The World is My Urinal
Mark Leyner, Et tu Babe
When your bladder is calling the shots you are the co-pilot of the sack of fluids that is your body. (As I jot down these thoughts I have a creeping suspicion that one of the comedians was talking about this during the recent Melbourne Comedy Festival. I apologise for any plagiarism herein but I saw not one of the shows and besides it's a topic that stretches back to early civilisations and get off my back and oh-yeah?-your-horse-ugly. So there.) The pressure builds in the lower "rude bits" of your body and no matter if you spend your life donating to charity and doing other Good Samaritan-y things you WILL push old ladies into oncoming traffic, destroy life long relationships, kill relatives, etc. for that sweet sweet release. All other commitments evaporate from your alcohol-decayed mind as you hunt down for someplace to whizz. However, once finished, you revert back to your normal, neurotic self and apologise to the horrified onlookers/ relatives/ ambulance guys of that tragic 'pushing old lady into the traffic'-thing.

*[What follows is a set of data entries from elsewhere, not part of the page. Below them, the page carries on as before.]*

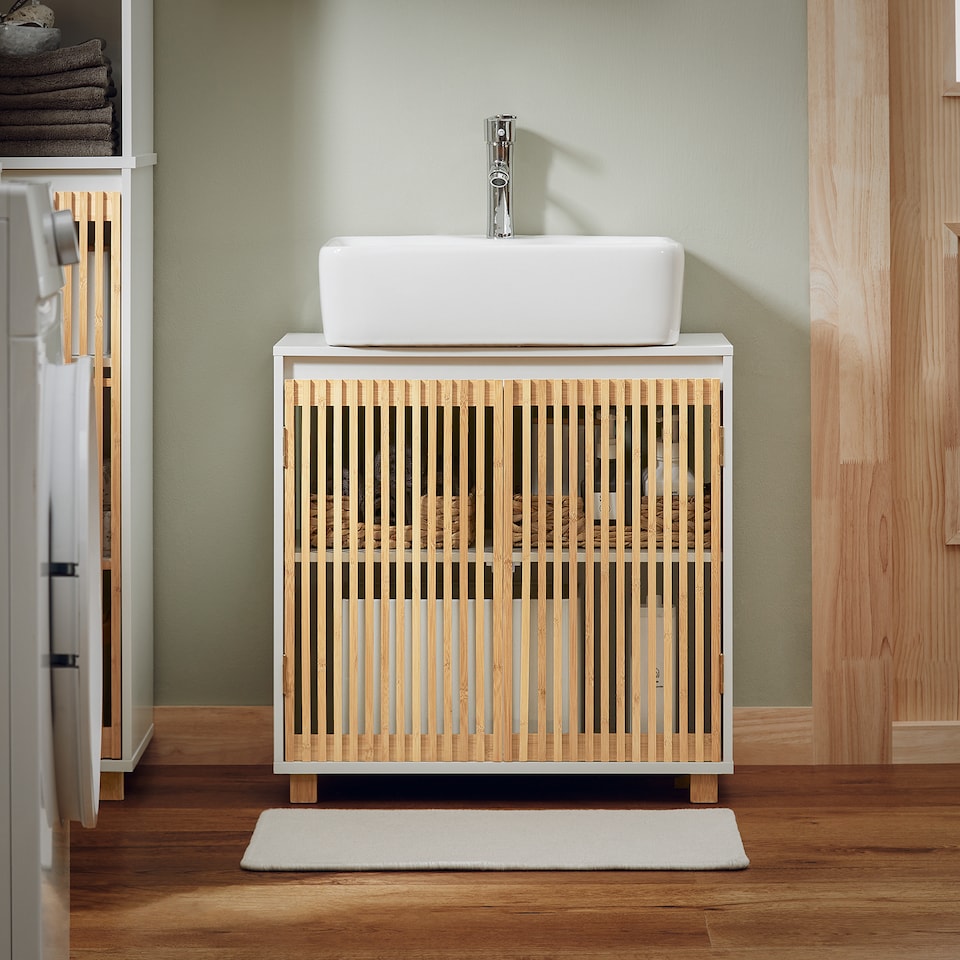 image 1 of SoBuy Under Sink Cabinet with 2 Bamboo Slatted Doors, White, 23.6x13.0x23.6 in, 11.5 kg - BZR125-W
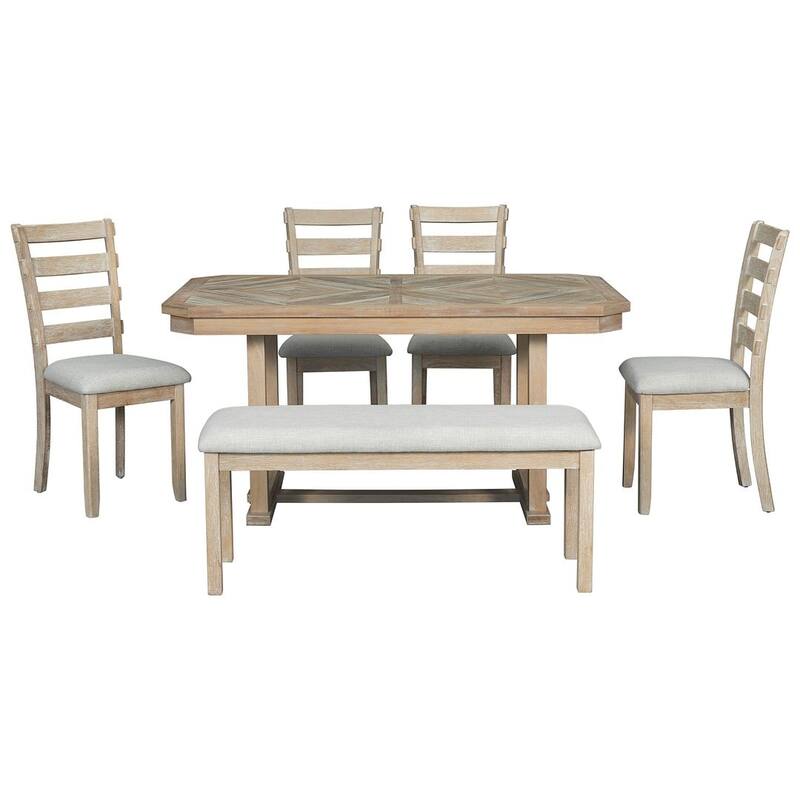 6 PCS Rubber Wood Dining Table Set for 6-Wood Grain Top, Solid Wood Veneer, and Cushioned Seats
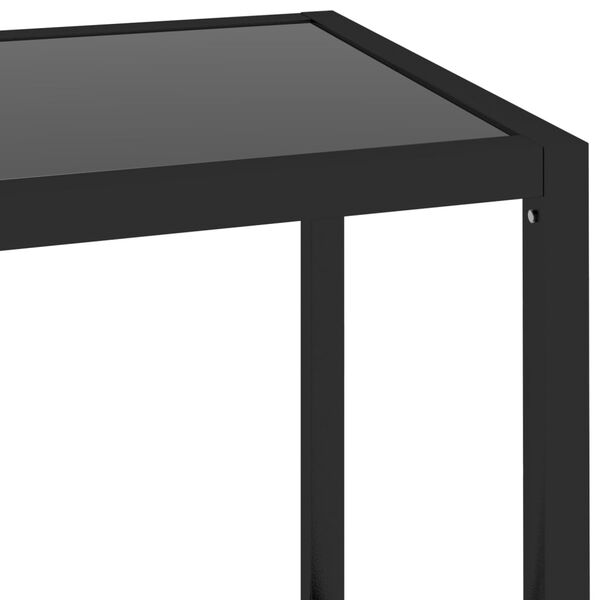 vidaXL Ράφι Διαφανές και Μαύρο 100 x 36 x 90 εκ. από Ψημένο Γυαλί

It takes a very special kind of prick to not acknowledge the lend of the facilities of a bar. (Yes, this is a long winded gripe about 'idiot customers' and will affect most of you not one bit.) Like Mr.Personality who slithered wordlessly into the Amethyst and tried to walk wordlessly out.
Me:(shouts) You're welcome!
D-ckhead: (turns around) Excuse me?
Me: I said "You're welcome). You used the toilet without saying anything.
Me: It's polite to ask.
D-ckhead: You actually expect me to ask you permission to use your toilet?
Me: Yup. It's called courtesy.
And so on and so forth. The scenario ended in a lot of shouting and hand gestures and this angry bastard making monkey gestures (Honest Injun!) before he left.